本文研究如下问题

$ \begin{equation} \left \{ \begin{array}{lll} -\triangle u + \frac{u}{\mid x\mid^2}=\mid u \mid ^{2^*-2}u + g(x),&x \in {\Bbb R}^N, \\ u(x)\rightarrow0 (\mid x \mid\rightarrow\infty), &u\in {\cal D}^{1, 2}({\Bbb R}^N) \end{array} \right . \end{equation} $

(1.1)

多解的存在性, 这里$g(x)\geq0, g(x)\not\equiv 0$且$g(x)\in L^{\frac{2N}{N+2}}({\Bbb R}^N).$

这类问题有较强的物理背景和理论研究价值.国内外有许多学者对这类问题开展了有意义的研究, 得到一些有趣的研究结果(参见文献[1-2, 6-7]等).这类问题的研究方法主要是应用变分原理, 带Hardy项的Sobolev不等式和嵌入定理.为了探究问题(1.1)弱解的存在性, 我们可以转化为研究与其相应变分泛函

$ \begin{equation} f(u)=\frac{1}{2}\int \Big(\mid\triangledown u\mid^2+\frac{u^2}{\mid x\mid^2}\Big){\rm d}x-\frac{1}{2^*}\int\mid u\mid^{2^*}{\rm d}x-\int g(x)u{\rm d}x \end{equation} $

(1.2)

临界点的存在性.

受文献[12]的启发, 本文考虑一定条件下泛函$f(u)$存在一个局部极小的临界点以及山路引理形式的另一个临界点, 运用Lions^[10]的集中紧致原理, 证明上述两个临界点的可达性, 从而得到问题(1.1)至少有两个弱解存在性的结果, 即本文的主要结果.

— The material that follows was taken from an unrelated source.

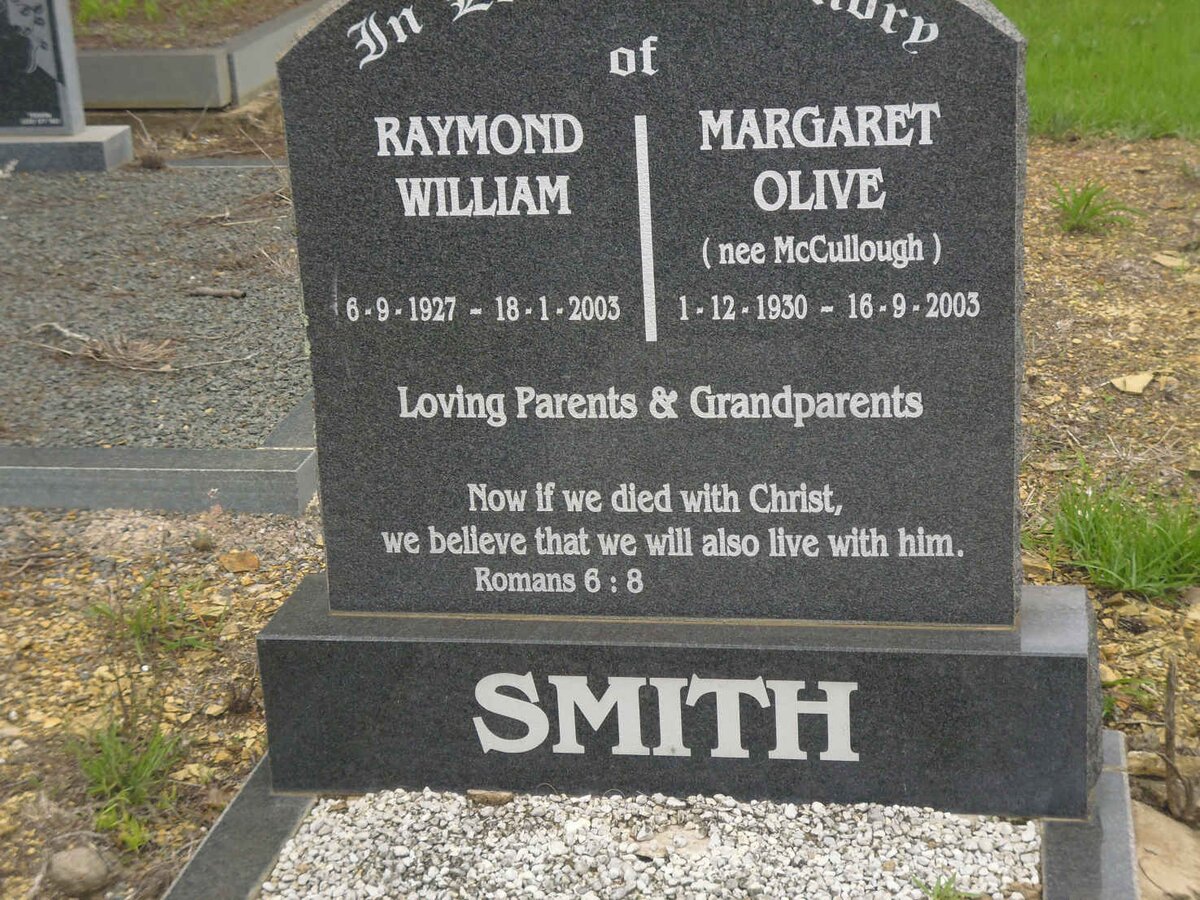 SMITH Raymond William 1927-2003 &amp; Margaret Olive McCULLOUGH 1930-2003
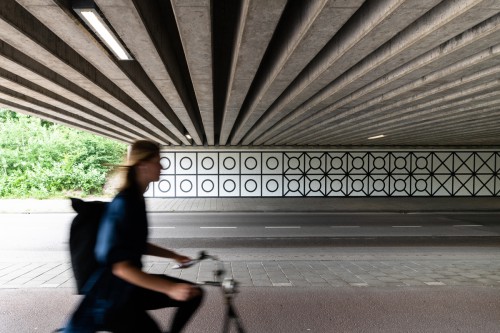 Tunnel tussen Overschiestraat – Luchtvaartstraat in Amsterdam verandert in kunstwerk met muurschildering Aam Solleveld, artwork, mural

定理1.1  假设$g(x)\in L^{\frac{2N}{N+2}}({\Bbb R}^N)$, $g(x)\geq0$且$g(x)\not\equiv 0$, 则存在常数$C$, 当$\parallel g\parallel_{L^{\frac{2N}{N+2}}({\Bbb R}^N)}\leq C$时, 问题(1.1)至少有两个非平凡解.

在本文中$L^p({\Bbb R}^N)$的范数记为$\mid\cdot\mid_p$, $ {\cal D}^{1, 2}({\Bbb R}^N)$表示$C^\infty({\Bbb R}^N)$在范数$\parallel u\parallel=(\int(\mid\triangledown u\mid^2+\frac{u^2}{\mid x\mid^2}) {\rm d}x)^\frac{1}{2}$下的完备空间.为了证明我们的结果, 我们需要如下几个引理.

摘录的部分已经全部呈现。